(Dataset entries)
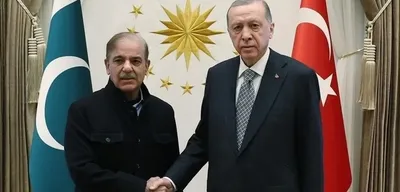 Cumhurbaşkanı Erdoğan, Pakistan Başbakanı Şahbaz Şerif ile Görüştü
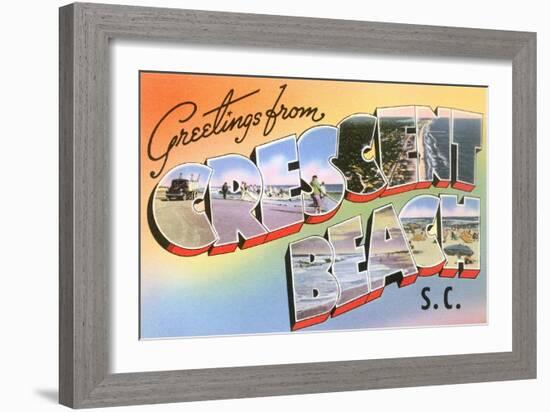 Greetings from Crescent Beach, South Carolina-null-Framed Art Print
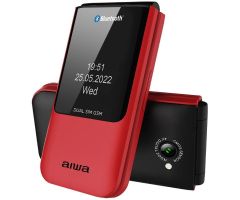 Teléfono Móvil Aiwa FP-24RD para Personas Mayores/ Rojo Teléfono Móvil Aiwa FP-24RD para Personas Mayores/ Rojo
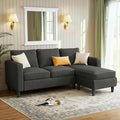 JAMFLY Couches for Living Room, 3-Seat Reversible Sectional Sofa by JAMFLY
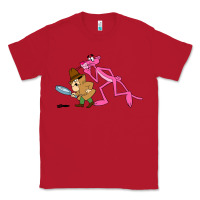 Red the pink panther Classic Tee - linhVisuals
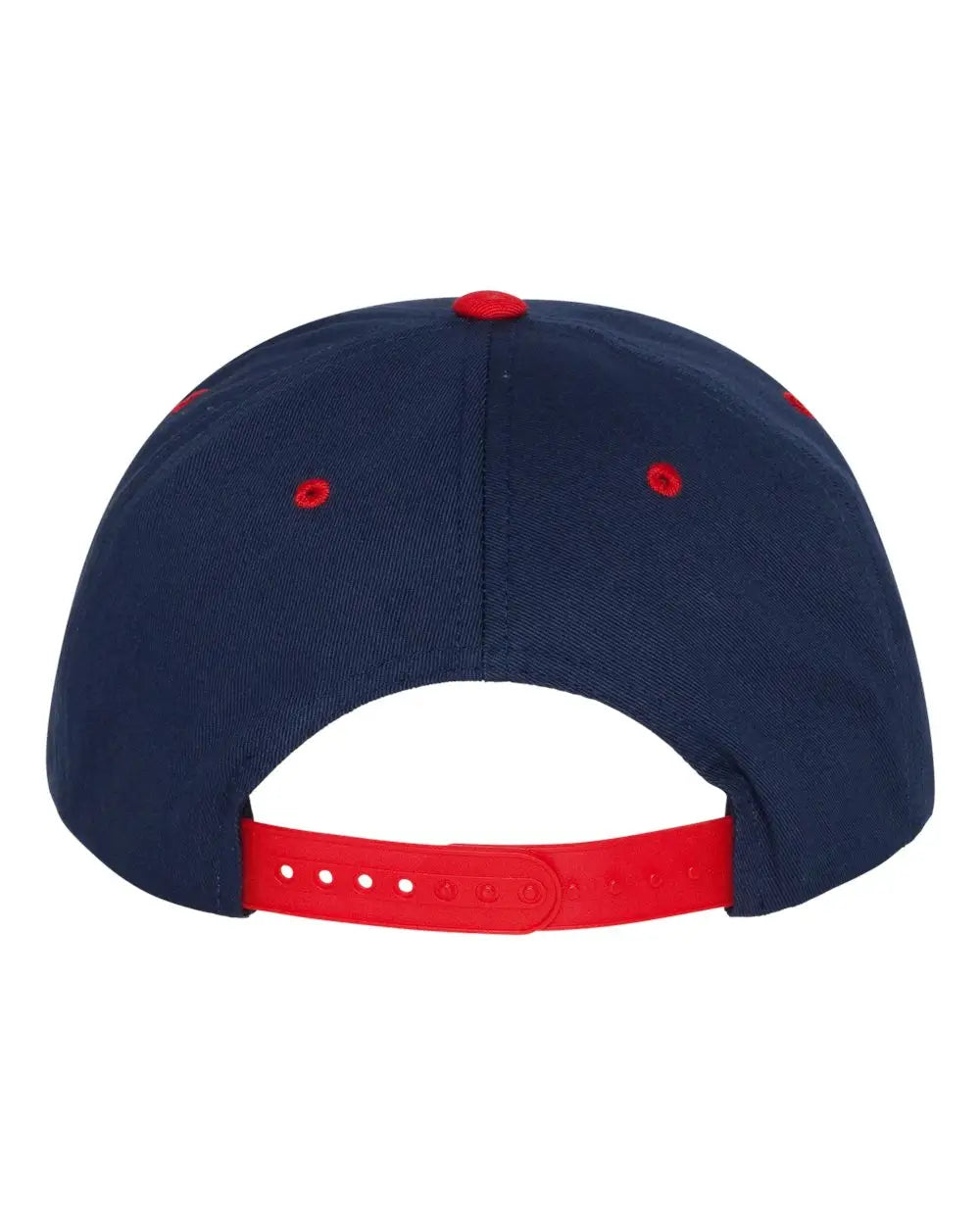 Yp Classics 6007 Five-panel Cotton Twill Snapback Cap - Navy Red - one Size Fits Most
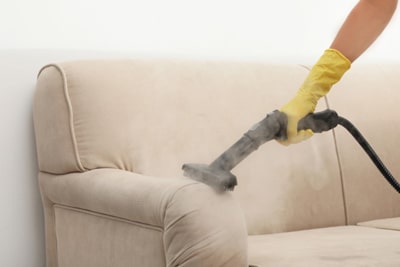 fabric couch steam cleaning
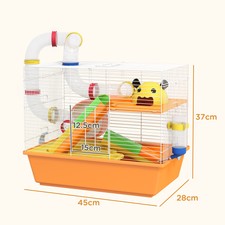 Balacoo Hamster Tube Maze - DIY Modular Tunnel Play System For Small Pets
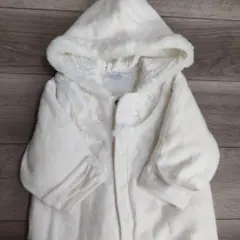 ファミリア　おくるみ兼ジャンプスーツ　80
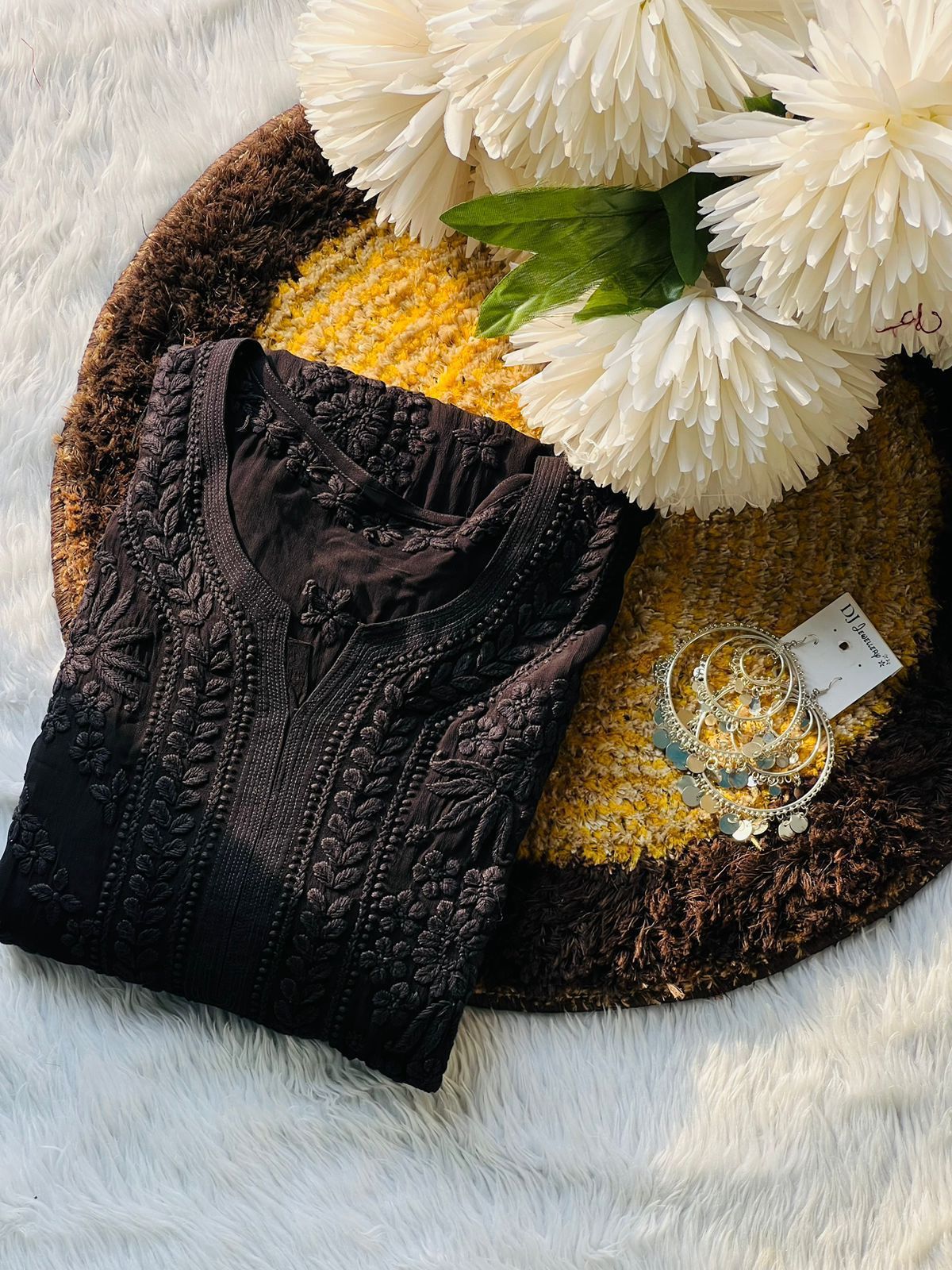 Sarah-Viscouse-Kurti-Black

• **WHAT IS BEING ASKED**
Return a verbatim transcription of the data, omitting all images.

• **SOLUTION TO THIS PROBLEM**
 Cumhurbaşkanı Erdoğan, Pakistan Başbakanı Şahbaz Şerif ile Görüştü
 Greetings from Crescent Beach, South Carolina-null-Framed Art Print
 Teléfono Móvil Aiwa FP-24RD para Personas Mayores/ Rojo Teléfono Móvil Aiwa FP-24RD para Personas Mayores/ Rojo
 JAMFLY Couches for Living Room, 3-Seat Reversible Sectional Sofa by JAMFLY
 Red the pink panther Classic Tee - linhVisuals
 Yp Classics 6007 Five-panel Cotton Twill Snapback Cap - Navy Red - one Size Fits Most
 fabric couch steam cleaning
 Balacoo Hamster Tube Maze - DIY Modular Tunnel Play System For Small Pets
 ファミリア　おくるみ兼ジャンプスーツ　80
 Sarah-Viscouse-Kurti-Black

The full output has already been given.